The Jokers is a 1967 British comedy film written by Dick Clement and Ian La Frenais, and directed by Michael Winner. The film stars Michael Crawford and Oliver Reed as brothers who hatch a plot to steal the Crown Jewels.

Very much of its time – "Swinging London" – the film makes great use of London locations. Included was a short sequence of Jezebel, a 1916 Dennis N-Type fire engine that is still owned and run by the Royal College of Science Union at Imperial College London.

Plot
Michael Tremayne is booted out of Sandhurst. He and his brother David want to do something "big". They decide to commit a crime as a "grand gesture". The brothers take Inge, David's new inamorata, on a tour of London, including the Tower of London. At a dinner party they learn that you cannot be charged with theft unless you intend to permanently deprive the owner of their property.

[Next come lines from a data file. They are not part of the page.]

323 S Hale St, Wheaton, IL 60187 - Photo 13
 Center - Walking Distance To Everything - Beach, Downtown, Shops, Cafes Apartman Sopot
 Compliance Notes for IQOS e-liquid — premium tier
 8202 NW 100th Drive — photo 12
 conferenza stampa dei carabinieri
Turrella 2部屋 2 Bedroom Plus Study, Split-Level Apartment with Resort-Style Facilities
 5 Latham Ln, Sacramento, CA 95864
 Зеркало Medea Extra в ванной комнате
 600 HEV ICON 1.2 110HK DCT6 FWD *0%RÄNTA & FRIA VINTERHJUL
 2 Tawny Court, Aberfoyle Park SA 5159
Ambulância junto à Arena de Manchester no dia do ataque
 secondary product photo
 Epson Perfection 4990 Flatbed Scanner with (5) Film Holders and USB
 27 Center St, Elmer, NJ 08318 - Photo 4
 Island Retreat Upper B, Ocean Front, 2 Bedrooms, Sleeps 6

David proposes stealing the crown jewels and sending letters out beforehand, showing they aren't intending to permanently deprive. Michael is somewhat jealous of David, as David is considered the ‘good’ son and him the ‘bad’ son. They write and deliver the letters. They plant a bomb at the Albert Memorial and observe the police procedure. Next they put a bomb at the lion cage at the London zoo. Then they blow up a ladies lavatory. David gets a laser. They put a bomb at the stock exchange and David goes to the army base, and using a tape recorder records the procedures.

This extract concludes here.